Riverbank is a non-profit, charitable organization established 20 years ago by the City of Brandon to protect and enhance the 17 kilometres of river corridor that runs through the city. It focuses on offering interpretive programs and strives to educate the public on environmental stewardship.

Riverbank shares a building with Brandon’s Ducks Unlimited office and is the only building in Brandon located on the riverside of the city’s main dike.

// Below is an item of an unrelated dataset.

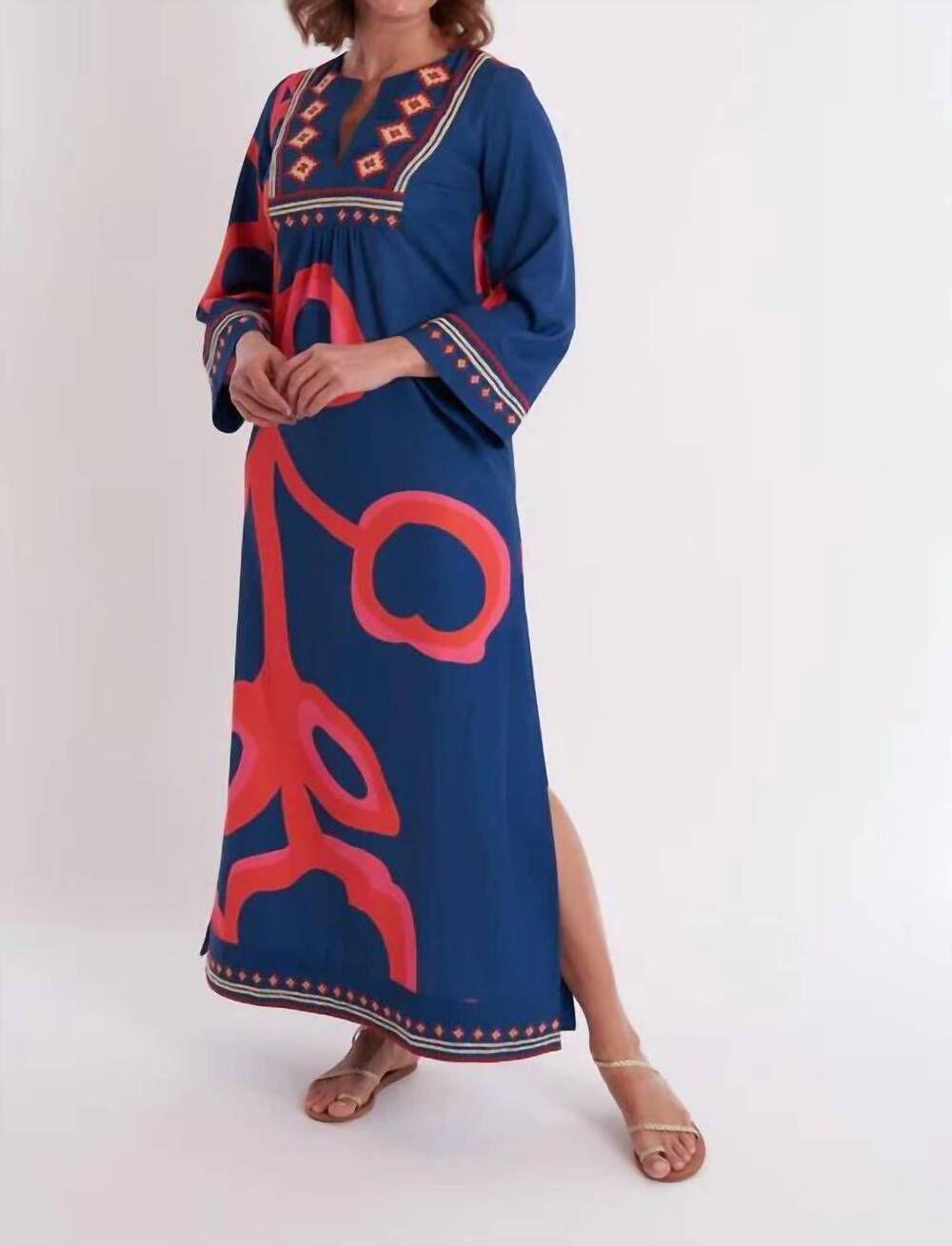 NEW CK BRADLEY crispell caftan dress in ocean fire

In the flood of 2011 the property suffered severe damage, which affected nearly every one of the organization’s major projects.

flooding in Brandon, Manitoba

An aerial shot of the Riverbank Inc.’s main property during the peak of the 2011 flood.
photo: Riverbank Inc.

“After the flood in 2011 we started to look at ways to redevelop, keeping future flooding possibilities in mind, but then the 2014 flood happened and that was a game changer for us,” said Lois MacDonald of Riverbank’s development and tourism services. “We did not see it coming and there was so much force behind the water.”

Due to the flood waters’ prolonged stay into July and August, most of the river-bottom forest was lost.

“Washed-out sections of the riverbank have made it unsafe and impossible to continue to host the multitude of events that used to call this area home on an annual basis,” said MacDonald. “At this point we have moved into the stage of re-evaluating our next step forward.”

The organization recently sent out a request for proposals to develop a refreshed master plan.

“I am hopeful that we can find a solution and chart a path forward that will allow us to work with Mother Nature,” said MacDonald.

Buy a barrel

blue plastic rain barrel

The 55-gallon rain barrels include leaf and mosquito filter baskets, and an overflow adaptor that permits multiple barrels to be connected in a series.
photo: RainBarrel.ca

In the meantime, the organization has partnered with RainBarrel.ca to begin gathering funds for the rebuild.

“All of the rain barrels are made of recycled materials from plastic that had been used to transport fruit and vegetables,” said Moir.

The 55-gallon barrels include leaf and mosquito filter baskets, an overflow adaptor that permits multiple barrels to be connected in a series, 1.2 metres of overflow hose and a spigot that attaches directly to a garden hose.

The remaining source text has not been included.